Abstract
In the last century, the mechanism for establishing the root epidermal pattern in grasses was proposed as a differentiating trait that can be used in taxonomic studies and as a useful tool to indicate the relationships between genera. However, knowledge about root hair differentiation in monocots is still scarce. During the last few years, this process has been studied intensively, mainly based on genetics and histological studies. A histological analysis of the root epidermis pattern composed from root hairs (trichoblasts) and non-root hair cells (atrichoblasts), as well as observations of the mechanism of the establishment of this pattern allowed 2 different methods of epidermal cell specialization in monocots to be precisely described. Additionally, a recently published paper describing root hair development in barley shed new light on the evolutionary context of the mechanism of root epidermis cell specialization, which is discussed in the presented work.

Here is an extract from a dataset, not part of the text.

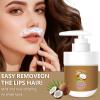 Facial Depilatory Cream, Coconut Facial Hair Removal Cream for Women for Upper Lip and Chin for Women for Sensitive Skin, Gentle and Non-irritating 3.52 FL.OZ view 2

Some root epidermal cells of plants produce root hairs, the tubular outgrowths that increase the surface of the roots.Citation1 The epidermal cells of roots that produce root hairs are called trichoblasts, whereas epidermal cells without the capability of root hair formation are called as atrichoblasts. Three different types of trichoblast/atrichoblast patterns have been described in plants: 1) any cell of the root epidermis can form a root hair (), 2) the epidermis is composed of 2 types of cells of different lengths and only the shorter cells can produce root hairs (), and 3) a striped pattern, when files of root hairs and non-root hair cells are present ().Citation2 The first pattern of the root epidermis is present in many plant species, including dicots, monocots and ferns.Citation1,Citation3 The second pattern of the root epidermis can mainly be found in groups of the oldest land plants, such as Lycopsida or Sphenopsida; in many species of monocots, e.g., in Pooideae and in individual families of dicotyledonous plants, such as Nymphaeceae.Citation2,Citation4 The third pattern of root epidermal cells with files of trichoblasts and atrichoblasts was found in Brassicaceae and their sister families, such as Capparaceae, Tovariceae, and Resedaceae.Citation3,Citation5
Figure 1. Root epidermis patterning in plants. (A) Type 1 in which any root epidermal cell may produce a root hair, (B) Type II in which only the shorter cells produce root hairs, (C) Type III with a striped pattern in which files of root hairs and non-root hair cells are present. (D-E) Two possibilities for the presence of the alternative pattern of shorter and longer cells—(D) the asymmetric shootward-last division or (E) the asymmetric expansion of identical daughter cells after the symmetrical division.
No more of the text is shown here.